To be clear, message passing does eliminate one important class of concurrency bugs: unsynchronized memory access. If two goroutines communicate only through channels, they cannot simultaneously mutate the same variable. But eliminating data races does not eliminate coordination failures. Deadlocks, leaks, protocol violations, and nondeterministic scheduling remain.

Go ships with a built-in deadlock detector, but it only caught 2 of the 21 blocking bugs the researchers tested. Two. The race detector fared better on non-blocking bugs, catching roughly half, which still means half the concurrency bugs in production Go code are invisible to the tools that were designed to find them.

Most of these bugs had long lifetimes. They were committed, shipped, ran in production, and weren’t discovered until someone happened to trigger the right interleaving. Testing didn’t find them, and code review didn’t find them. Instead they hid in some of the most heavily scrutinized Go codebases.

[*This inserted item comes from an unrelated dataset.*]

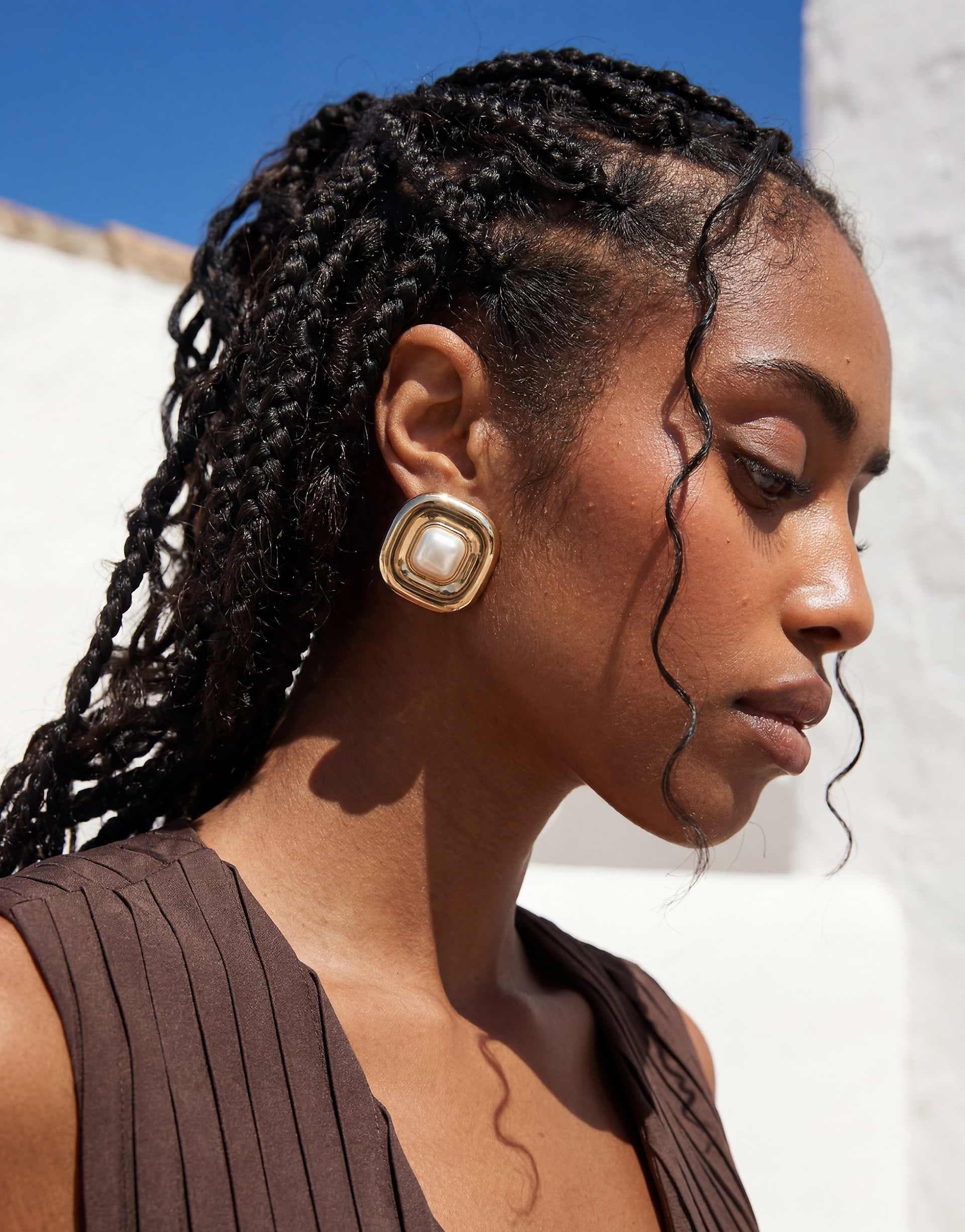ASOS DESIGN square stud earrings with faux pearl centers in gold tone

Lee’s prediction that switching the coordination mechanism wouldn’t address the root cause was confirmed.

The Code

Here’s a simplified bug in Kubernetes from the paper. A function spawns a goroutine to handle a request with a timeout:

func finishReq(timeout time.Duration) ob {
    ch := make(chan ob)
    go func() {
        result := fn()
        ch <- result  // blocks forever if timeout wins
    }()
    select {
    case result = <-ch:
        return result
    case <-time.After(timeout):
        return nil
    }
}

If fn() takes longer than the timeout then the parent returns nil and nobody ever reads from ch. The child goroutine blocks on ch <- result and will never be cleaned up. Go garbage-collects objects, but it doesn’t garbage-collect goroutines blocked on channels that will never be read.

In Kubernetes (the system managing your production container infrastructure) every one of these leaked goroutines hangs onto references and never lets the memory go. Under load, they accumulate, and the process will slowly degrade until it crashes or gets OOM-killed. This is a reliability failure in the software responsible for keeping your other software running, caused by a single missing buffer in a channel.

The fix is one character: change make(chan ob) to make(chan ob, 1).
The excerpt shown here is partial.